To speak of the advantages of an out-of-door life seems almost like stating truisms universally accepted; and yet the great mortality among the dwellers in-doors, their precarious tenure of life, the prevalence of nervous diseases among them, and the tendency to crime, all show that it is still necessary to refer to the ruddy health of the farmer, to his greatly prolonged life, to his freedom from insomnia, to his immunity from pulmonary complaints, and to his absence both from the prison and the almshouse, as a proof that out-door life is necessary to health and to happiness. The tendency of book-learning, under the most favorable conditions, is to too much in-door life, and, when this tendency receives the additional influence of the no-recess plan, it certainly has a powerful hold upon the young person just emerging from the school-room. Is Solomon's injunction, to "train up a child in the way he should go," sufficiently heeded? Dr. Oswald says: "Early impressions are very enduring, and can make evil habits as well as useful ones a sort of second nature. In order to forestall the chief danger of an in-door life, make your children love-sick for fresh air; make them associate the idea of fusty rooms with prison-life, punishment, and sickness." So at school, the deprivation of the regular recess ought to be as severe a punishment as the criminal code of the school permits, and to be sent to the school-room from the play-ground should be a sufficient penalty for the worst offense, and is a punishment that should be administered to the juvenile offender only for offenses of a nature similar to those which in the adult offender are punished by incarceration in the jail or bridewell.

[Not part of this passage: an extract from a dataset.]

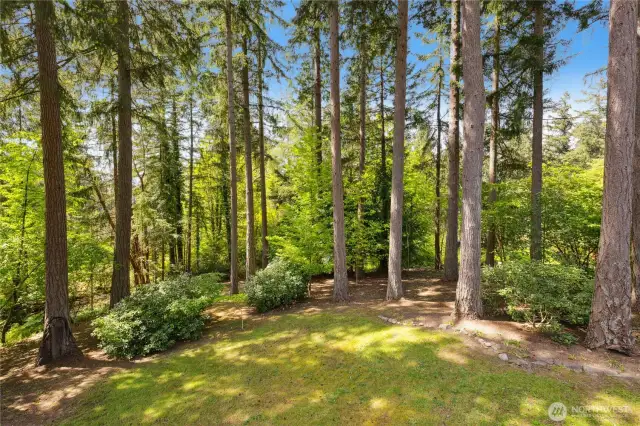 A pretty stand of trees lines the back of the property for nice privacy.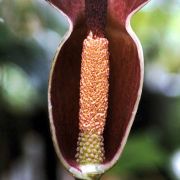 Image of Amorphophallus mossambicensis  (Schott ex Garcke) N.E. Br..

Our physical constitution was never intended for the sluggish inactivity of our sedentary and bookish school-life, and we sin against the laws of our being when we forego necessary physical exercise. Sloth is not one of our original sins, but an acquired one, and perhaps in no other place is its acquisition so rapid as in a modern school-room, where pencils arid paper are passed to the pupils, and every movement must be quiet, subdued, and noiseless, and where the temperature is kept at a uniform degree, so that not even the involuntary muscles get any exercise. When along with this condition come the multitude of studies pursued, and the pressure of emulation, and upon all the abolition of the regular play-spell, what is there to prevent the boys and girls from forming the most fatal habits of muscular indolence? A recent writer in the "Monthly" says: "Where the chief danger seems to lie, in most schools, is in the encroachment made on the play-hours. In some schools the lessons set to be learned at home are absurdly long and tedious. I find that in other schools, public and private, a great deal of work is done during the period nominally allotted to recreation only. This is a very important part of the actual school system, and one which requires great care on the part of the masters" ("Science Monthly," March, 1880). In a school of eighty pupils, with ages ranging from twelve to fifteen years, each pupil counted his pulsations for one minute immediately before and after a fifteen minutes' recess, and recorded each result upon a card; the recess was varied, sometimes an out-door, sometimes an in-door, with light gymnastics, and sometimes the pupils were advised to follow their own inclination in the matter, but always to record upon the card how the recess was passed. These are some of the general averages:
1. Those pupils who go out and engage in play increase the number of pulsations per minute by 13·4. 2. Those who engage in in-door gymnastics increase the number by 3. 3. Those who stay in the school-room at their seats, or visiting their neighbors, decrease their number by 3·8. This increase of number of pulsations from the recess-play is by no means the full measure of the benefit derived, for that increase implies a more rapid flow of the fluid through the hemal channels, and when we know that the carrying power of fluid currents increases as the sixth power of their velocities, we can appreciate with how much greater force these currents sweep through their courses, washing away the ashes, which have been made by previous combustion, from the brain-hearth and the muscle-hearth. To the child who has been busily engaged upon his lessons, it frequently happens that the further ability to accomplish mental work successfully, and without nervous debility, depends upon the thorough removal of the débris caused by cerebral exercise. When this removal has been accomplished by recreation, the child's power has been recreated. That pupils generally do their best school-work just after recess, and that they are less "nervous" at that time, is because the exercise has increased their nerve-power, and given them a better control of their intellectual faculties, and a greater willingness to do hard thinking. Muscular exercise, then, becomes a motive power for driving forward the machinery of thought.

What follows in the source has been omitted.